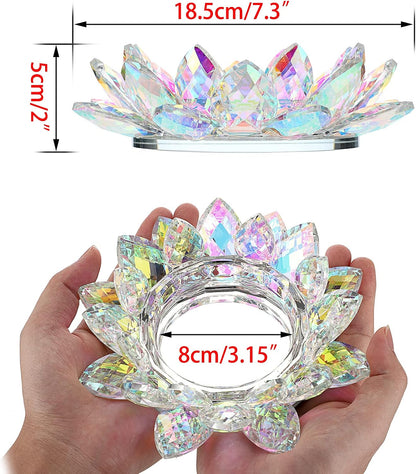 OwnMy Crystal Lotus Flower Candle Holder for Pillar Candles up to 3 Inch | Clear Lotus Flower Pillar Candle Holder Tea Light Holder, Glass Lotus Petal Votive Candle Stand for Wedding Party Home Decors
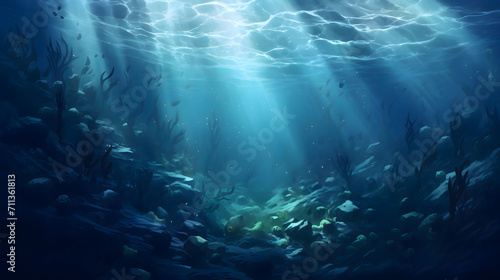 Blue Under Water World with light rays © Alex Bur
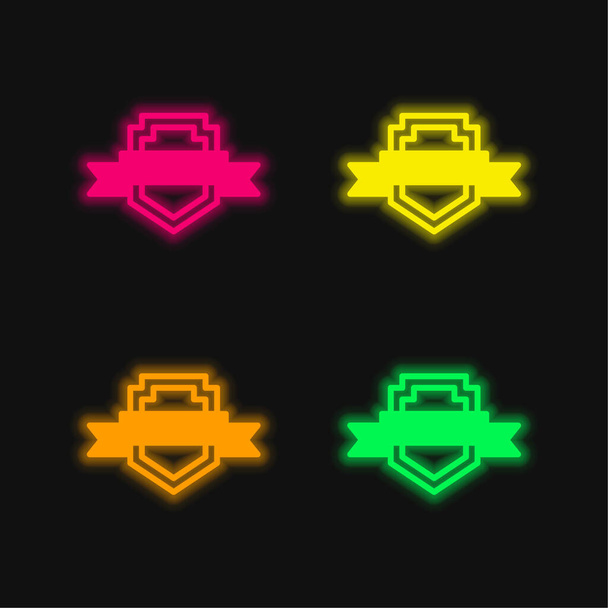 Badge quattro colori luminosi icona vettoriale al neon - Vettoriali, immagini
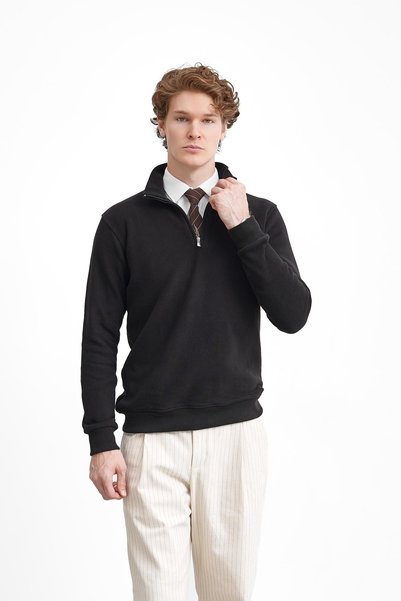 MODEFENDİ Half-Zip Velvet Sweater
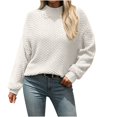 thumbnail image 1 of Timegard Womens Tops Turlteneck Long Sleeve Pullover Fall Winter Casual Solid Color Loose Blouse Tops, 1 of 2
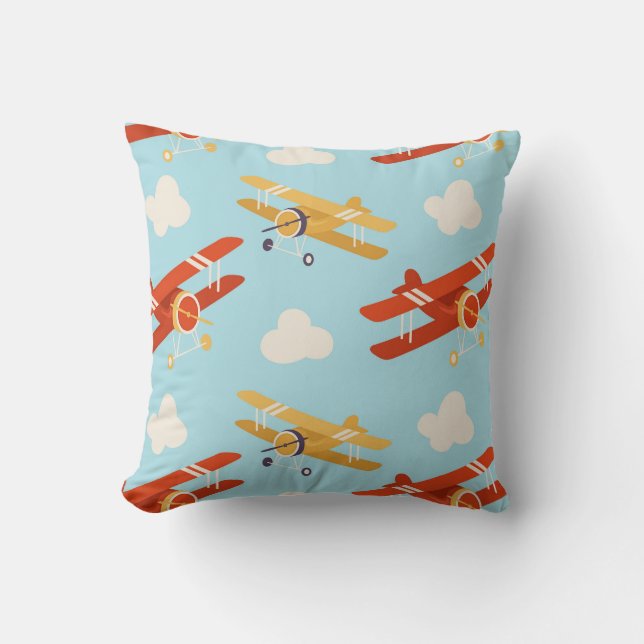 Vintage Planes Clouds Background Pattern Cushion (Front)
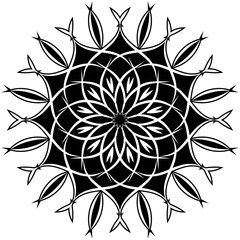 mandala art in a strong black vintage style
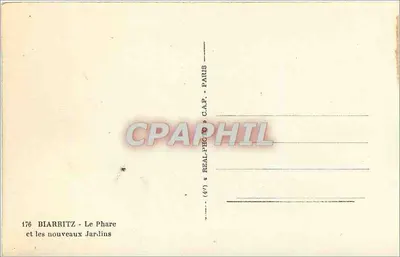 Biarritz — O Farol e os novos Jardins — editor C.A.P. — n° 176 — Verso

####################

_Assignment_. Copy exactly, and only, the lines from the first line of the material through the line that contains "Blue Under Water", both ends kept; no pictures.

_Your response_.
 OwnMy Crystal Lotus Flower Candle Holder for Pillar Candles up to 3 Inch | Clear Lotus Flower Pillar Candle Holder Tea Light Holder, Glass Lotus Petal Votive Candle Stand for Wedding Party Home Decors
 Blue Under Water World with light rays © Alex Bur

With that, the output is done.